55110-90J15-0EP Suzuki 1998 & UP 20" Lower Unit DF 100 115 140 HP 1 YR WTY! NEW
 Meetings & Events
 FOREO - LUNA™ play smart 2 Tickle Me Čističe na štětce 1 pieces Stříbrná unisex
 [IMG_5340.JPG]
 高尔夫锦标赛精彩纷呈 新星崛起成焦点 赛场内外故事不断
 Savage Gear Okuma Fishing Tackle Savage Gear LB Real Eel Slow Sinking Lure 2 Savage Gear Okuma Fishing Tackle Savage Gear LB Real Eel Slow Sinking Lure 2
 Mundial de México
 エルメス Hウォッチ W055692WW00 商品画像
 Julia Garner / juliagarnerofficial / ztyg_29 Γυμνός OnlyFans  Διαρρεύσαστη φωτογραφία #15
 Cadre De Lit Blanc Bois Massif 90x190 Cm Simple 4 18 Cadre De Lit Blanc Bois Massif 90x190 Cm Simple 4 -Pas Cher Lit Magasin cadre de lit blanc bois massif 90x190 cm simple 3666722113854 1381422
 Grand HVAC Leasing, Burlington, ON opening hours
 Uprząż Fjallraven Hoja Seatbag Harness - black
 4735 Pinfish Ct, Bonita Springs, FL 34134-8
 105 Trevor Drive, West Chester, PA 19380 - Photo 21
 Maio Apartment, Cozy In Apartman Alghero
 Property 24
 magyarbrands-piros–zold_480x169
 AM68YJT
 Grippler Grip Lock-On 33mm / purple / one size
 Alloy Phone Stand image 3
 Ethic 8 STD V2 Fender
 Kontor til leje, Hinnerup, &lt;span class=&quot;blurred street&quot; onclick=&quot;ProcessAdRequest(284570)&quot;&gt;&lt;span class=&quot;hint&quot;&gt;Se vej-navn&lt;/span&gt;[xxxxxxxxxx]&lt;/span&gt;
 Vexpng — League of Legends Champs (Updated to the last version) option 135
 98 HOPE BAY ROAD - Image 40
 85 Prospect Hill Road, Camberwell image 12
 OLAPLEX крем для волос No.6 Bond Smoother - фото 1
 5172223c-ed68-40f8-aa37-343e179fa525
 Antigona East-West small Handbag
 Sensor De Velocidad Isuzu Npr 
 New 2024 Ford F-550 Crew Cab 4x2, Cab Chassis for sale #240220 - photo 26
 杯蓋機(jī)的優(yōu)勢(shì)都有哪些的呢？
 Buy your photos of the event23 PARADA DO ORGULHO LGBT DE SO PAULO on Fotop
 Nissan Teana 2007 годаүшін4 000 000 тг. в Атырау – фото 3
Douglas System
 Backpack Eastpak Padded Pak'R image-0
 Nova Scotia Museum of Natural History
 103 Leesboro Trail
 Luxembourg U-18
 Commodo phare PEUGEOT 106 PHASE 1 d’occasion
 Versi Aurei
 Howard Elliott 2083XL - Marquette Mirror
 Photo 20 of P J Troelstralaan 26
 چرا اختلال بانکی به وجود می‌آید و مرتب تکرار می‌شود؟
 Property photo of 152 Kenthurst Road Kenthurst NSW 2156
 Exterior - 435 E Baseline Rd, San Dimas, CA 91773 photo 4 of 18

- [Requirement] Each line of the entries above that includes "West" counts once; state how many such lines there are, with the number as the only answer.

- [Exercise answer] 2